Astonishing Rise of Mental Illness in America

January 10, 2011

http://mwcnews.net/focus/analysis/7831-mental-illness-in-america.html

Astonishing

Rise of Mental Illness in America

By K.Gajendra Singh

Saturday, 08

January 2011 17:23

Most of us who live stressed

out lives (certainly in the diplomatic profession) have taken

recourse to Psychiatric drugs, some times. But their effectiveness

remains doubtful. Many a times the medical practitioners are

encouraged in prescribing these drugs, in league with

Pharmaceuticals and Drugs companies with commissions and other

quid pro quo.

I was Chairman and Managing Director of India’s largest Drugs and

Pharmaceuticals Company , IDPL in 1985 and 1986 , with five units

producing a wide range of bulk drugs, formulations, chemicals and

surgical instruments , employing nearly 13,000 personnel .As a

result of price control regime , the Indian government did succeed

in keeping the prices of the life saving drugs cheap , also

forcing multinationals to produce bulk drugs in India. IDPL

trained a large number of Pharma industry experts , ( Dr Reddy of

Reddy Laboratories was one of them) researchers, marketers and

technicians .India now produces drugs amounting to 12 o 15 billion

dollars and is a major exporter.

During my tenure with IDPL, I became aware of the nexus between

the doctors and drug companies. How private companies keep

politicians on their rolls to plead their case and other such

practices. IDPL was always at a disadvantage, with the controlling

ministry not supporting us .Many bureaucrats were gifted shares in

private companies, whose cause they promoted.

It was clear that drugs mostly treat the symptoms and not cure the

disease .But some medicines like anti-biotics are necessary in

curing infections. But have been abused and over prescribed.

I am reproducing below an article edited by G. Kohls, MD,

with his permission, on the subject noted above. Three years ago I

was forced to take Xanax and other Psychiatric drugs with

indifferent results .Finally I was able to kick off the drugs with

daily breathing exercises , one can learn from TV being done by

Guru Ram Dev , who has done more for the health of Indians than

many health ministers put together .

Psychiatric Drugs and the Astonishing Rise of Mental

Illness in America

Excerpts from Whitaker’s Anatomy of an Epidemic

From Ethical Human Psychology and Psychiatry, Vol. 7, Number 1,

Spring 2005

Full article, with extensive documentation, accessible at:

http://psychrights.org/index.htm

Excerpted, with minimal editing, by G. Kohls, MD

The percentage of Americans disabled by “mental illness” has

increased dramatically since 1955, when Thorazine – remembered

today as psychiatry’s first “wonder” drug – was introduced into

the market.

There are now nearly 6 million Americans disabled by “mental

illness”, and this number increases by more than 400 people each

day. A review of the scientific literature reveals that it is our

drug-based paradigm of care that is fueling this epidemic. The

drugs increase the likelihood that a person will become

chronically ill, and induce new and more severe psychiatric

symptoms, often psychiatric drug-induced, in a significant

percentage of patients.

E. Fuller Torrey, in his 2001 book The Invisible Plague, concluded

that insanity had risen to the level of an epidemic. This epidemic

has unfolded in lockstep with the ever-increasing use of

prescription psychiatric drugs.

The number of disabled “mentally ill” has increased nearly

six-fold since Thorazine was introduced.

The number of disabled “mentally ill” has also increased

dramatically since 1987, the year Prozac was introduced.
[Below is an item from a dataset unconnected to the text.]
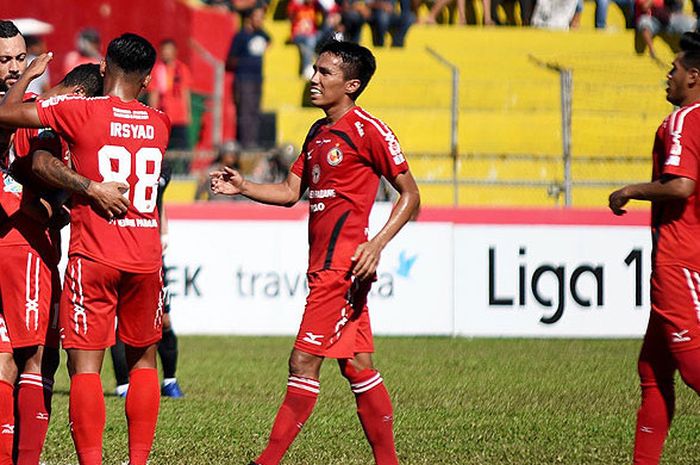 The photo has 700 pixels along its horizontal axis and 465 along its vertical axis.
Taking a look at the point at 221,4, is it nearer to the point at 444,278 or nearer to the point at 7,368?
the point at 444,278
Anti-psychotics, antidepressants, and anti-anxiety drugs create

perturbations in neurotransmitter functions. In response, the

brain goes through a series of compensatory adaptations. Neurons

both release less serotonin and down-regulate (or decrease) their

number of serotonin receptors. The density of serotonin receptors

in the brain may decrease by 50% or more. After a few weeks, the

patient’s brain is functioning in a manner that is qualitatively

as well as quantitatively different from the normal state.
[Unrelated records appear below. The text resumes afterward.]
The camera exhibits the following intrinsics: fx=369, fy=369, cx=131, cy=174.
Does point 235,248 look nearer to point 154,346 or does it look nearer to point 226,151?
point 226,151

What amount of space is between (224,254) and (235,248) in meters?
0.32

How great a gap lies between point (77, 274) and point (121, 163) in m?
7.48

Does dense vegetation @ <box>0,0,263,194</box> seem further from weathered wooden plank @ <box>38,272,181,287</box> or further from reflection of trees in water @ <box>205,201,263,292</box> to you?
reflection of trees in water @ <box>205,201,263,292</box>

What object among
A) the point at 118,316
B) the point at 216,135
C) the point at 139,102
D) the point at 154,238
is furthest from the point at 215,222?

Conditions that disrupt brain chemistry may cause delusions,

hallucinations, disordered thinking, and mood swings – the

symptoms of insanity. Infectious agents, tumors, metabolic and

toxic disorders and various diseases could all affect the brain in

this manner. Psychiatric medications also disrupt brain chemistry.

Psychotropic drugs also increase the likelihood that a person will

become chronically ill, and they cause a significant percentage of

patients to become ill in new and more severe ways.

CAN THE “CURES” BE WORSE THAN THE “DISEASE”?

Neuroleptics (AKA Anti-psychotics, Anti-schizophrenics, Major

Tranquilizers)

In an NIMH (National Institute of Mental Health) study, short-term

(6 weeks) anti-psychotic drug-treated patients were much improved

compared to placebo (75% vs. 23%). However patients who received

placebo treatment were less likely to be re-hospitalized over the

next 3 years than were those who received any of the three active

phenothiazines.

Relapse was found to be significantly related to the dose of the

tranquilizing medication the patient was receiving before he was

put on placebo – the higher the dose, the greater the probability

of relapse.

Neuroleptics increased the patients’ biological vulnerability to

psychosis. A retrospective study by Bockoven also indicated that

the drugs were making patients chronically ill.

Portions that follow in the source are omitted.